I was honored to receive the Judah Folkman Award from AACR as a junior faculty member because Dr. Folkman had been my hero — a pioneer of angiogenesis research. This award provided flexible funding that allowed me to explore an unconventional angle of anti-vascular therapy; namely, targeting genetic endothelial transformation, in contrast to conventional studies focusing on angiogenic factors. It is hard for a junior scientist to acquire traditional funds for a high risk, but potentially impactful, research project. The Judah Folkman Award provided me a unique avenue to pursue this research idea.

What do you consider the most important scientific advance(s) made, at least in part, because of your AACR Judah Folkman Career Development Award grant?

The Judah Folkman Award incredibly helped us develop a new therapeutic concept, namely, vascular detransformation, to combat cancer (Fan, Trends in Cancer, 2019). The central idea is that tumor-associated endothelial cells acquire plasticity-mediated genetic reprogramming, leading to aberrant vascularity (Huang et al, JCI 2016), tumor immunosuppression (Wang et al., Nature Communications 2018), and tumor resistance to anti-VEGF treatment (Liu et al., Nature Communications 2018) and chemotherapy (Huang et al., Science Translational Medicine 2020). We hope that, compared to conventional anti-vascular therapy that targets angiogenic factors, vascular detransformation may serve as a next-generation strategy as either monotherapy or in combination with chemoradiation or immunotherapy for cancer treatment.

How do you foresee the findings from your AACR Career Development Award impacting patients in the near and long-term future?

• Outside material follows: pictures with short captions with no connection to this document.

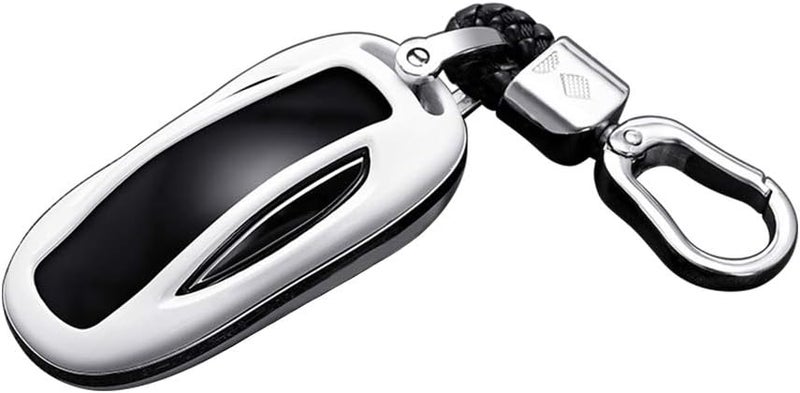 غطاء مفتاح Tesla Model X الذكي - غلاف من مادة ABS باللون الأبيض - Image 1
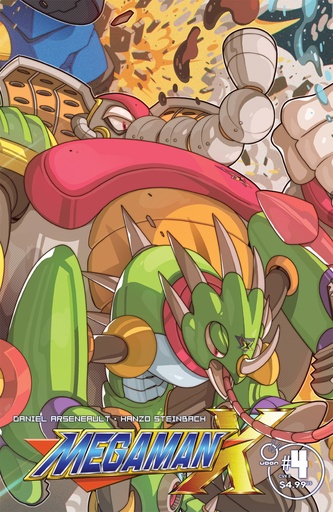 MEGA MAN X 4 CVR B EDWIN HUANG VAR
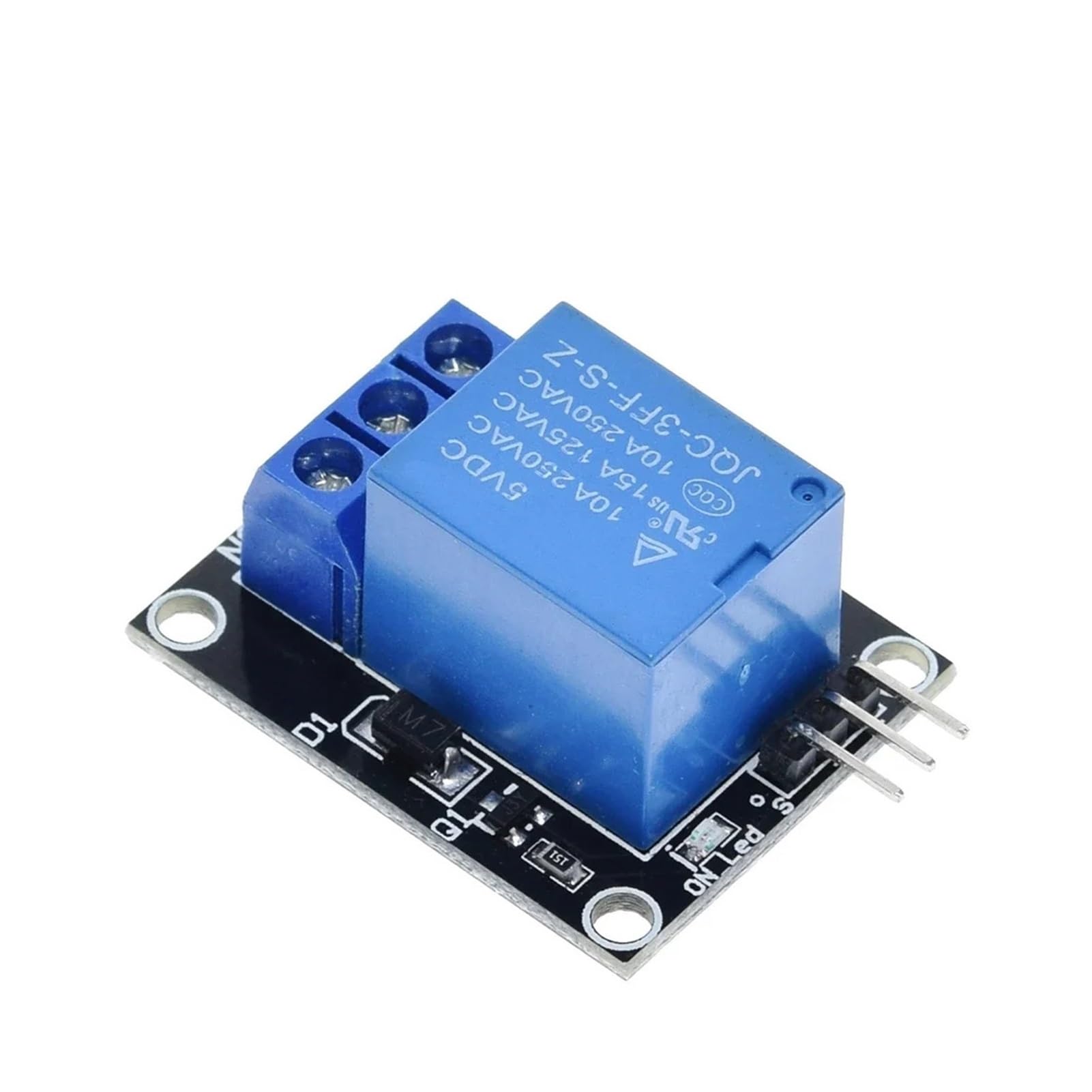 Modulo relè 1/2/5/10 pezzi 5V 1 canale con accoppiatore ottico KY-019 SRD-05VDC-SL-C con contatto NO/NC for controllo apparecchio Ardu+ino(10PCS)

Built on the key findings from my Judah Folkman Award, we have screened the whole kinome and genome to identify therapeutic targets for vascular detransfromation. One of these targets is Pak4, which reprograms the tumor vascular microenvironment and drives glioblastoma resistance to immunotherapy (Ma et al., Nature Cancer 2021). We plan to initiate related clinical trials for human patients with glioblastoma and expect that Pak4 inhibition will improve T cell-based immunotherapy (such as chimeric antigen receptor (CAR) T cell therapy). In the long-term future, we will test more of the identified targets and develop small- or big-molecule drugs to target vascular transformation and translate the findings into human clinic.

Since 1993, the AACR grants program has contributed to the development of new and improved approaches to cancer treatment and cure. What is your vision for the future of glioblastoma research? What areas of glioblastoma research remain underfunded?

I appreciate the tremendous effort made by the AACR to support cancer research, which has enormously supported many research programs for early-stage scientists. As for glioblastoma research, future success may rely on the deep understanding of tumor complexity, plasticity, and immunity and their spatiotemporal regulation, which will ensure we develop integrated, effective therapeutic approaches. I think that the multidimensional interaction between tumor stroma, immune cells, and neoplastic cells is central to tumorigenesis and immune escape, representing a potentially key node for clinical intervention, which is, however, an underfunded field. Finally, as glioblastoma is one of most deadly human cancer types, the findings from glioblastoma research will provide important clues that can also contribute to treatment advances in a variety of solid tumors, particularly those immunological cold tumors such as pancreatic and prostate cancers.